● DATA SUPPLIED:
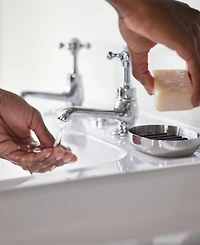Joseph Joseph Easy Store Luxe Quick-Drain Soap Dish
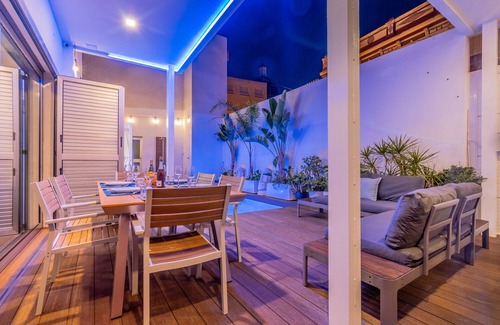 Burjasot Villa | VLVilla. Villa de lujo en Valencia con piscina privada y sala de cine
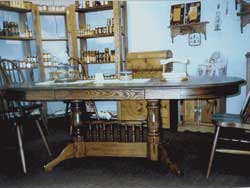 Amish Custom Made Oak Oval Table Double Spindled Pedestal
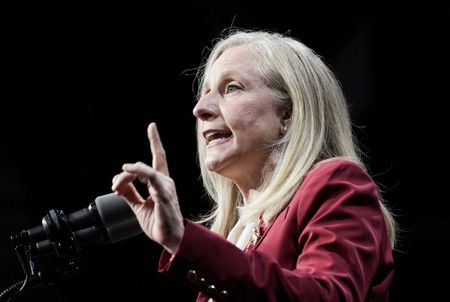 tagreuters.com2025binary_LYNXMPELA40AI-VIEWIMAGE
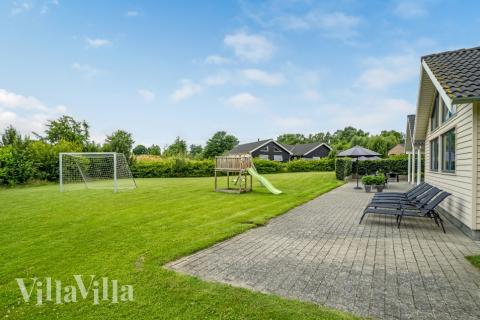 Stor terrass i lyxstuga nr 276 i Nordsjälland.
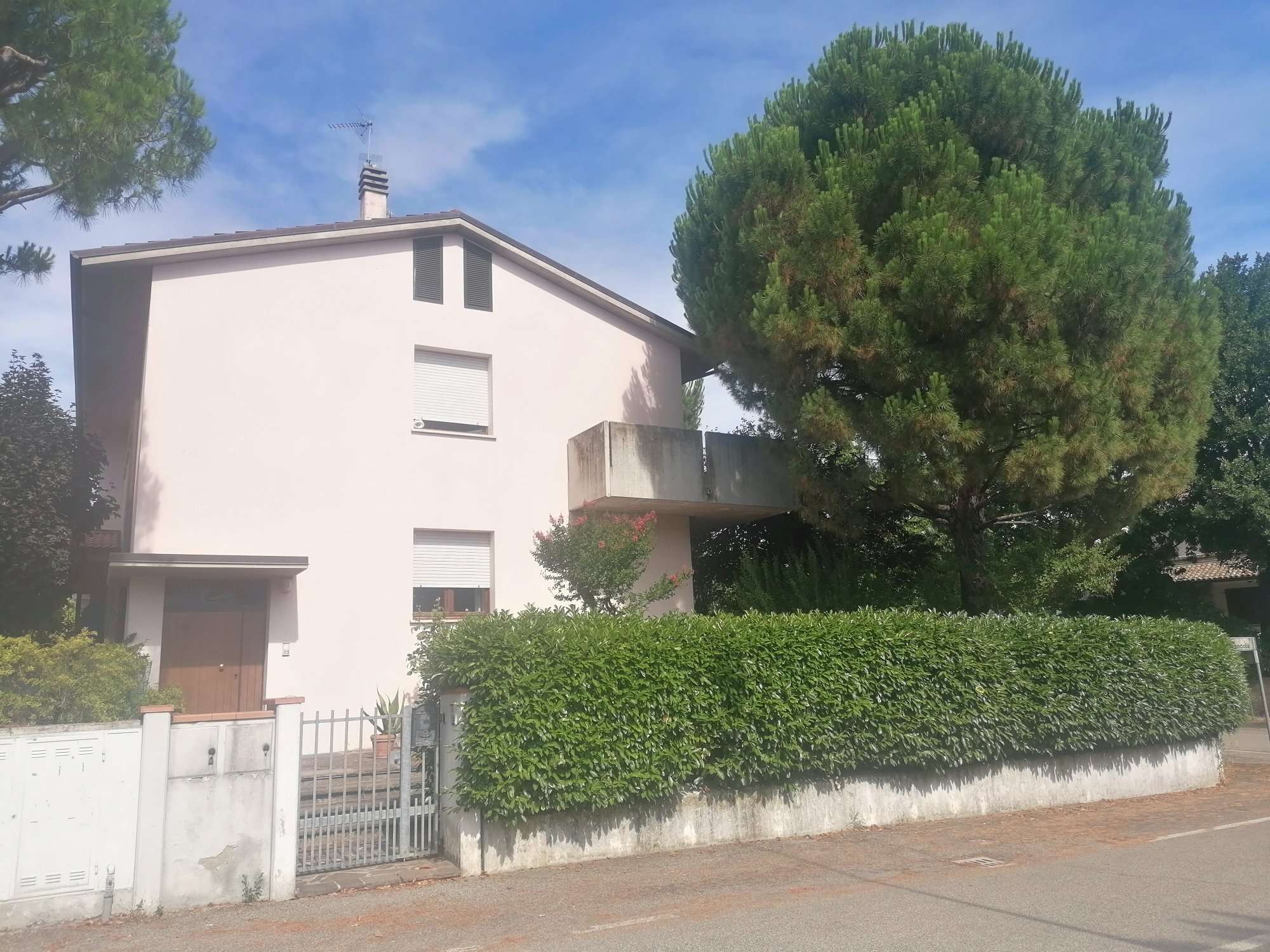 Villa VIA AMENDOLA, Castel San Pietro Terme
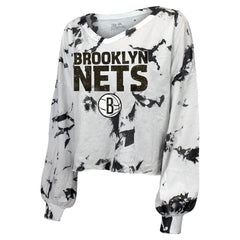 Brooklyn Nets Majestic Threads Women's Aquarius Tie-Dye Cropped V-Neck Long Sleeve T-Shirt White/Black - NBA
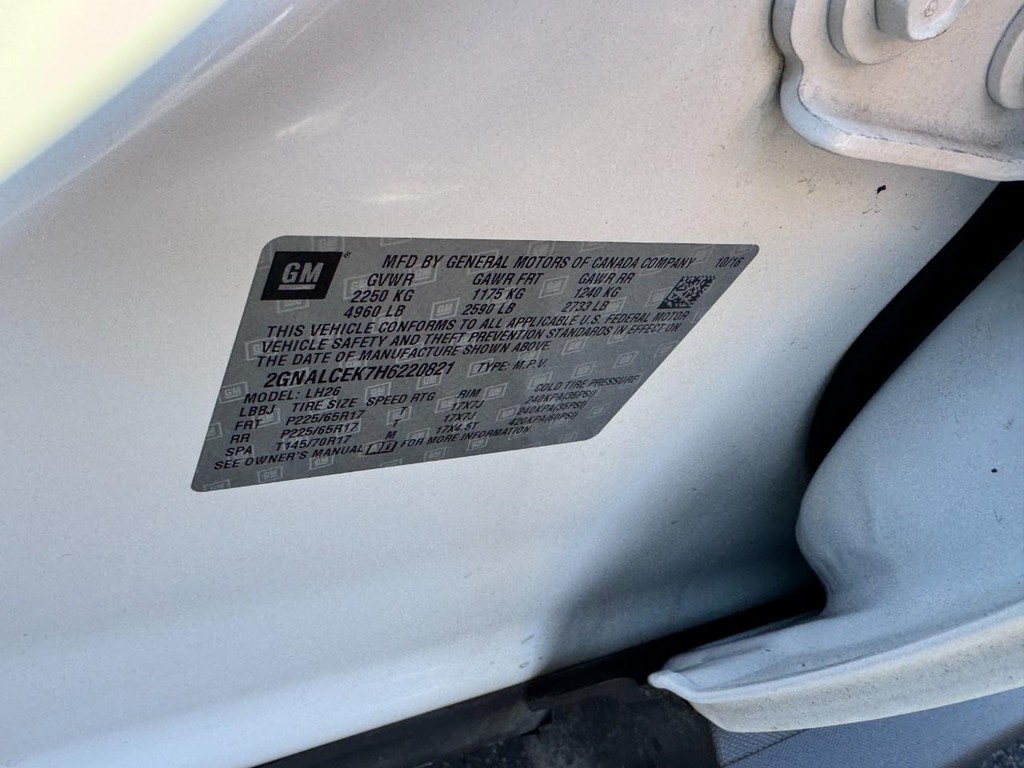 Chevrolet Equinox Vehicle Full-screen Gallery Image 22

● DIRECTIONS FOR THIS TASK: Starting at the line that contains "tagreuters.com2025binary_LYNXMPELA40AI-VIEWIMAGE", write out every line through the end of the entries above exactly, and omit the pictures.

● EXERCISE RESPONSE:
 tagreuters.com2025binary_LYNXMPELA40AI-VIEWIMAGE
 Stor terrass i lyxstuga nr 276 i Nordsjälland.
 Villa VIA AMENDOLA, Castel San Pietro Terme
 Brooklyn Nets Majestic Threads Women's Aquarius Tie-Dye Cropped V-Neck Long Sleeve T-Shirt White/Black - NBA
 Chevrolet Equinox Vehicle Full-screen Gallery Image 22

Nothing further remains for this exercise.